All I think about now is the waterfalls we saw, wandered around Powell’s in awe, and my pounding migraine that I had through the entire trip. I have never been so miserable on a trip. But, I managed to make it through, and overall, I’m still glad I went. There’s a lot I would’ve changed, don’t get me wrong. It’s still good I went though. I still want to post it though, so here are my thoughts and feelings after some time.

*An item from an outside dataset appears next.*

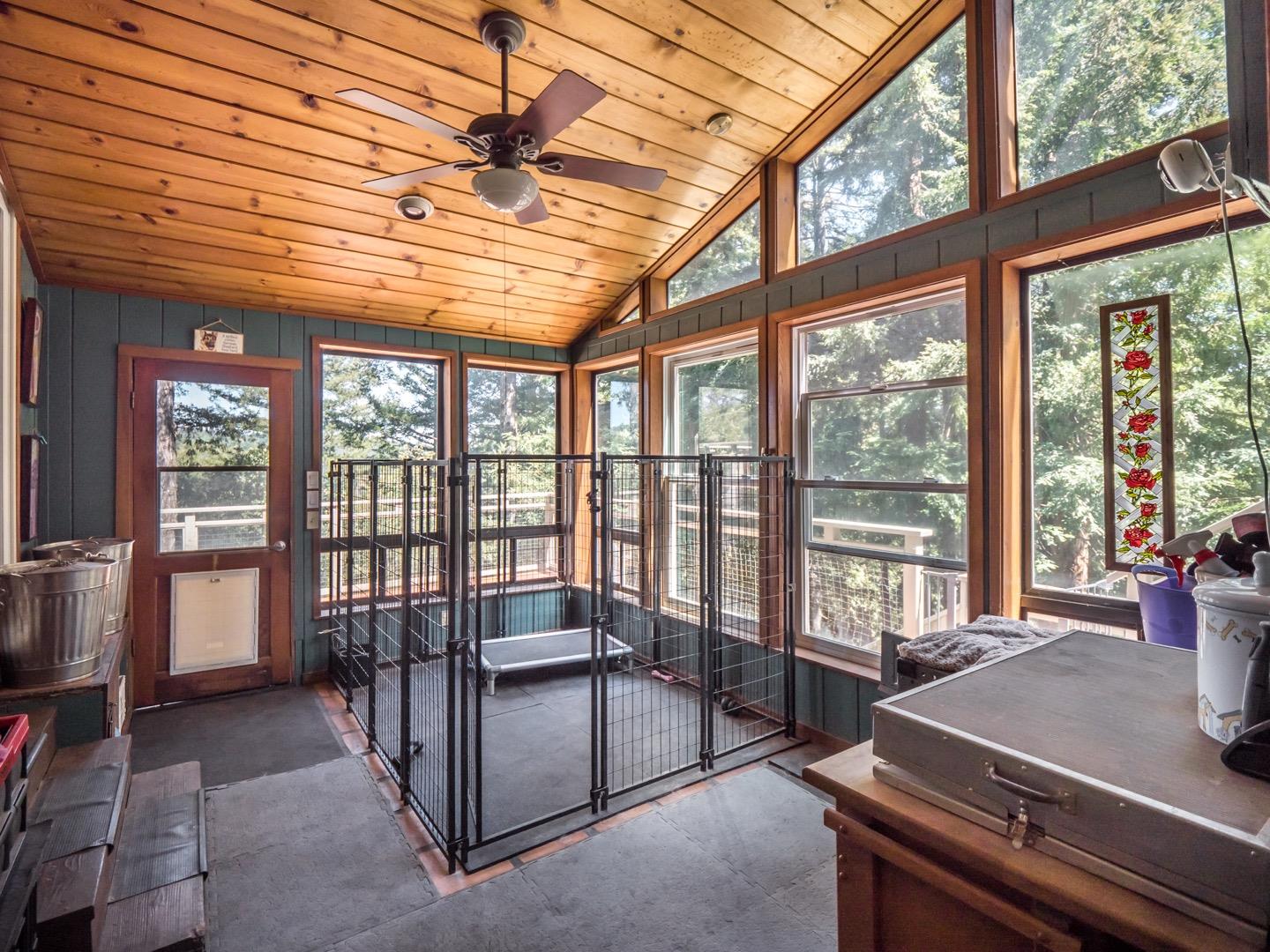 18635 Favre Ridge Road Los Gatos, CA 95033 - Photo 30 of 74 a bedroom with furniture and large windows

~~An excerpt of something I wrote on day three or four of a trip to Iceland by my lonesome (typos and all so I’m not tempted to change anything else) :
“i can’t stand the fact that i’m so miserable here. I’m in the one place i’ve always wanted to go, top of the bucket list, and now that I’m here, i’m miserable. I’ve wlwwys felt alone so why does it matter when i actually am? not to mention the fact that travel is the one thing i’ve always been confident of that i love, and now that’s gone for some unknown reason, just a feeling two months ago? it’s not fair that i’m being brave and doing what i’ve always wanted to yet i’m constantly on the verge of tears and want nothing more than to go home. while i know it’s beautiful i don’t feel like i can enjoy it and that’s so frustrating. and embarrassing. it’s the trip of a lifetime and i’m not taking advantage of it, but if i do i’ll go crazy and cry constantly. it’s just not fun & i don’t even think it’s because i’m alone. something in me just changed. and it’s not something i like but maybe it’ll change.”

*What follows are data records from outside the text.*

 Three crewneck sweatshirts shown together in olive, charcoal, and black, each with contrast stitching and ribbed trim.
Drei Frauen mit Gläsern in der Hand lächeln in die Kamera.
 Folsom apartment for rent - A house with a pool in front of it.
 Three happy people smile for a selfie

An awful feeling, that I don’t want to travel anymore, when it’s pretty much the only thing that I’ve been confident about myself and what I’m passionate about.~~
I still feel this way, even when it’s something as simple as driving back home for a week. I’m still upset, I’m still irritable, and I have no clue how to fix it. But, maybe it’s not something to fix; it’s something to be aware of. Maybe there’s some protection to it, if we’re not as optimistic as usual, then we won’t put ourselves in stupid situations. Maybe it’s a way to make sure we always come back home. And maybe, there’s no good reason for it and our bodies just act on instincts that don’t matter anymore. Who knows. What I can tell you, is that traveling is still worth it, even though parts suck and more often than not I feel like shit while I’m on the road, the memories that are made completely override all the miserable aspects, because I know that I will feel better at some point. Could be soon, could be a wretched eternity. At some point, it’ll be better though.